Mr McPhail said: “For the next two years it makes sense for high earners to maximise their pension contributions by investing as much they can, being the higher of £20,000 and their normal pattern of contributions. Thereafter individuals will have to take a view on whether the tax relief rate on offer to them, between 20 per cent and 40 per cent, will be sufficiently attractive to merit making pension contributions as opposed to other forms of saving and investing.

“There may be problems with the HMRC definition of ‘regular contributions’ in determining what is acceptable for the next two years. Many of the self employed as well as high earners are more likely to be making annual lump sum investments, rather than monthly or quarterly payments. This is an issue which we will be taking up with HMRC,” Mr McPhail said.

Patrick Stevens, tax partner for Ernst & Young, said these changes would have a “significant impact” on the pensions industry, and could boost the high-end housing market as a by-product of the changes when people look for other homes for their income.

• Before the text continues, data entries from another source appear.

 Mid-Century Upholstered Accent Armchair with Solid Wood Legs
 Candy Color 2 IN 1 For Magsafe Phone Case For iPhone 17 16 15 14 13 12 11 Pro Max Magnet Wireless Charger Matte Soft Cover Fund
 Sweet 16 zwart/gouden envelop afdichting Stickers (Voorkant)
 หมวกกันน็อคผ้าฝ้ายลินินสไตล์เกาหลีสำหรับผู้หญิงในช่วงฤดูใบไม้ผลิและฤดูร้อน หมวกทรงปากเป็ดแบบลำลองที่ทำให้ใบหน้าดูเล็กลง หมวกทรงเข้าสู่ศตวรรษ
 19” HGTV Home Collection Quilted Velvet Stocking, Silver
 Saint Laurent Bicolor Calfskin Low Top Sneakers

He said: “Most people earning over £180,000 now will probably be paying tax at 40 per cent or 50 per cent in retirement on their various pensions and savings. This means that on average, the money coming out of the pension scheme will in the future be taxed at 30 per cent or 37.5 per cent.

"So many higher earners will be looking for alternative homes for their savings for retirement. Individual Savings Accounts (ISAs) will obviously be fully used, but they probably already are. There will perhaps be a significant boost to the market for homes costing over say £1 million as this becomes a better place to save money," he said.

Andy Bell, chief actuary of A J Bell, one of the UK's largest SIPP providers, said there is likely to be a wider impact on pension saving too, as business leaders could easily lose faith with the system, and that attitude could easily be passed on to employees.

In judging the impact of higher-rate tax changes, then, the issue of pensions cannot be over-stated.